Like Stehelin, Scott was not a theologian or Christian interpreter, but he creates two hermeneutical Jews in Ivanhoe as the direct opposition to a unified Christian England for the purpose of entertaining his readers under the guise of a historically accurate romance. For example, Scott places all the physiological stereotypes of Jewish women in the nineteenth century on his hermeneutical Jew, Rebecca, who acts as the Jewish counterpart to Ivanhoe’s future Saxon wife Rowena. Similarly, Rachel Shulkins argues in “Immodest Otherness” that “the disparity between sexy Jewess and plain Christian beauty is clearly an extension to Sir Walter Scott’s female heroines in Ivanhoe” (111). To illustrate, Scott describes Rebecca at her introduction at the tournament:

[Rebecca’s] form was exquisitely symmetrical, and was shown to advantage by sort of Eastern dress, which she wore according to the fashion of the females of her nation. Her turban of yellow silk suited well with the darkness of her complexion. The brilliancy of her eyes, the superb arch of her eyebrows, her well-formed aquiline nose, her teeth as white as pearl, and the profusion of her sable tresses…fell down upon [her] lovely neck and bosom…The feather of an ostrich, fastened in her turban…was another distinction of the beautiful Jewess. (93-4)
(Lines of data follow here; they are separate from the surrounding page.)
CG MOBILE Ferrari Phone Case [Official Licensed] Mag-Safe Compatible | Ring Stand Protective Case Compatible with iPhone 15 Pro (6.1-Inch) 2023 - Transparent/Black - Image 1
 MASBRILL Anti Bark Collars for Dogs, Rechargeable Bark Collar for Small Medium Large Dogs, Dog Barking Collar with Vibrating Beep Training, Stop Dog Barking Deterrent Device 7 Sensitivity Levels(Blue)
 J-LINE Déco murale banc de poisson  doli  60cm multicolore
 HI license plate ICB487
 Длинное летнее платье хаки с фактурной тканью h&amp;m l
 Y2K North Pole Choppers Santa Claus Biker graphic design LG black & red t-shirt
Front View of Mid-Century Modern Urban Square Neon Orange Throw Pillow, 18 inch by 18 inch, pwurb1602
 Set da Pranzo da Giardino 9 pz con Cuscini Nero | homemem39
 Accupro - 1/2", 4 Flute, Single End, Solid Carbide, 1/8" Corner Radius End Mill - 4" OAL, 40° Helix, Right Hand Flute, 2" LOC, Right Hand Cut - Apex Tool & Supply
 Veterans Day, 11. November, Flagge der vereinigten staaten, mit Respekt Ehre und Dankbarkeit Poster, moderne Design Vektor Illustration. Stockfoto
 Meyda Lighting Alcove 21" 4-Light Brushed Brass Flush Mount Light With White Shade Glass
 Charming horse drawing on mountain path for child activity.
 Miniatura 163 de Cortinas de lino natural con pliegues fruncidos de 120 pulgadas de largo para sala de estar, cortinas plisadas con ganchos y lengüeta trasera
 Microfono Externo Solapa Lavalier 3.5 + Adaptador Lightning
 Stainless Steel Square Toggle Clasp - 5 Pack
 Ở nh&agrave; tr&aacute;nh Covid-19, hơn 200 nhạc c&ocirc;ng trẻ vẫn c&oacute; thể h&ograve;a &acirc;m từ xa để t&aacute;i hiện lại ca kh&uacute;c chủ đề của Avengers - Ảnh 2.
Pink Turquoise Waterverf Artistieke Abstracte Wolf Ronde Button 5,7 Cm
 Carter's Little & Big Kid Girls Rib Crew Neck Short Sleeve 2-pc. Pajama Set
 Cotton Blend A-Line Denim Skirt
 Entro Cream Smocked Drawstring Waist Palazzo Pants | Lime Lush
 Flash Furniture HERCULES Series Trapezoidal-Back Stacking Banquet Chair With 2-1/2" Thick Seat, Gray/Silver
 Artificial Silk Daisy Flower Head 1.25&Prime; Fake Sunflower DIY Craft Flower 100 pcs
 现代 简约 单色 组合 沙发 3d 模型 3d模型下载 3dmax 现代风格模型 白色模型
Rebeccas’s eroticism is based on her particular Jewish appearance: her dark skin, black eyes, dark hair (that is described by outlaws later (362)), and her aquiline nose. “The character of the sexy Jewess,” according to Shulkins, “was conceived to reinforce the notion that Jews are a corrupt race” (2). Moreover, Rebecca is not only corrupt, but she can corrupt others through her eroticism. Prince John sees her at the tournament and immediately knows that she is Jewish, and he exclaims to Issac, her father, “yonder Jewess must be the very model of that perfection, whose charms drove frantic the wisest king ever that lived…” (94). Prince John is immediately corrupted by Rebecca causing him to violate both Norman and Saxon norm by asking Rebecca to sit near him, and the Christian Prior must stop John—and by extension Rebecca—from destroying Christian England by saying, “a Jewess!—We should deserve to be stoned…I swear by my patron saint, that she is far inferior to the lovely Saxon, Rowena” (99). Despite saying that John deserves to be stoned for his corruption, John continues, and it is only when John realizes the seriousness of his corruption that Scott writes, “from the tone in which this was spoken, John saw the necessity of acquiescence” (100). In other words, Prince John needs to be broken free of Rebecca’s corruptive Jewish eroticism by a man of high Christian status.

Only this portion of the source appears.